WHAT YOU HAVE TO DO: Once you find the line containing "Hania Aamir", output it and every line after it to the end of the records, exactly.

SUPPLIED RECORDS:
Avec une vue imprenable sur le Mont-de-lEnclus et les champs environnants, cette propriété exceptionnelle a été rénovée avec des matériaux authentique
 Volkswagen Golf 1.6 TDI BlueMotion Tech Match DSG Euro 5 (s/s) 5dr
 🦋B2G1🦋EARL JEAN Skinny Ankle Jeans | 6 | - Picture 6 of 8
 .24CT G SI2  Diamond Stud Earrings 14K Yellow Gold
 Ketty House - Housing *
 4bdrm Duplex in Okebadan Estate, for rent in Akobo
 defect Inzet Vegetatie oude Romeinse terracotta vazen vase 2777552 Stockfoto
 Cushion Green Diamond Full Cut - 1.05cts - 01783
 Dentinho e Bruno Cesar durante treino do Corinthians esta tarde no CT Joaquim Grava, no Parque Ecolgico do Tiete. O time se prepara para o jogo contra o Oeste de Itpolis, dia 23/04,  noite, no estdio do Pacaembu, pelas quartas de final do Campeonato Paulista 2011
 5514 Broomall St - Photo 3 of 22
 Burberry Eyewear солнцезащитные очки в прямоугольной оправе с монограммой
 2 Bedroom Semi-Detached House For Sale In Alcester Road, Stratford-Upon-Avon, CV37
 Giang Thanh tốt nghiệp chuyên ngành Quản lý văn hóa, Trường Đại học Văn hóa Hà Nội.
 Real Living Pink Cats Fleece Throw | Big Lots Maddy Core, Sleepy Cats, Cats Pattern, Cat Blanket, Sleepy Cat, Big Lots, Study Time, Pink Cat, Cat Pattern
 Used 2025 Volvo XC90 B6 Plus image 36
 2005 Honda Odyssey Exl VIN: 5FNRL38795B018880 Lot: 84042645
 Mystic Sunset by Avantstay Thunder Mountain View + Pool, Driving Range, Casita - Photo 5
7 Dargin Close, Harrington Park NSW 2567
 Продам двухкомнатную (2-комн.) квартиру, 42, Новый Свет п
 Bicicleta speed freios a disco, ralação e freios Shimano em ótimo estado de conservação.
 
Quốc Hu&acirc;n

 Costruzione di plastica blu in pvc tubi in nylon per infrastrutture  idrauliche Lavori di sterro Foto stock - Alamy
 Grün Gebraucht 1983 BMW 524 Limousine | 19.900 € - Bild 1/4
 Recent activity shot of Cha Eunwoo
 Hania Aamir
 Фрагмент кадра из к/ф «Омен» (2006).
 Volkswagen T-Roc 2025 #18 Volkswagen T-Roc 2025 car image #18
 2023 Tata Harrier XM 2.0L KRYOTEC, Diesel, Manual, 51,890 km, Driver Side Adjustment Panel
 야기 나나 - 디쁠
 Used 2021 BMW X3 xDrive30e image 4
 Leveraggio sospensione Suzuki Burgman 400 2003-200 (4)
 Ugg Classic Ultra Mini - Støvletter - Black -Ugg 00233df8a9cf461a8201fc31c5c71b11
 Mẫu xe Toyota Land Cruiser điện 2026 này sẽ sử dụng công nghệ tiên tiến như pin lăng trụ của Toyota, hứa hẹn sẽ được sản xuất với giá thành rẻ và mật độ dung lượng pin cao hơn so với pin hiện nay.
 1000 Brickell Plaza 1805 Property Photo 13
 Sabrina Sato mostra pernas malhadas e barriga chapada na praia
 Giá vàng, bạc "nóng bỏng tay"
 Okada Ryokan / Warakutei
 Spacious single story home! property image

TASK ANSWER:
 Hania Aamir
 Фрагмент кадра из к/ф «Омен» (2006).
 Volkswagen T-Roc 2025 #18 Volkswagen T-Roc 2025 car image #18
 2023 Tata Harrier XM 2.0L KRYOTEC, Diesel, Manual, 51,890 km, Driver Side Adjustment Panel
 야기 나나 - 디쁠
 Used 2021 BMW X3 xDrive30e image 4
 Leveraggio sospensione Suzuki Burgman 400 2003-200 (4)
 Ugg Classic Ultra Mini - Støvletter - Black -Ugg 00233df8a9cf461a8201fc31c5c71b11
 Mẫu xe Toyota Land Cruiser điện 2026 này sẽ sử dụng công nghệ tiên tiến như pin lăng trụ của Toyota, hứa hẹn sẽ được sản xuất với giá thành rẻ và mật độ dung lượng pin cao hơn so với pin hiện nay.
 1000 Brickell Plaza 1805 Property Photo 13
 Sabrina Sato mostra pernas malhadas e barriga chapada na praia
 Giá vàng, bạc "nóng bỏng tay"
 Okada Ryokan / Warakutei
 Spacious single story home! property image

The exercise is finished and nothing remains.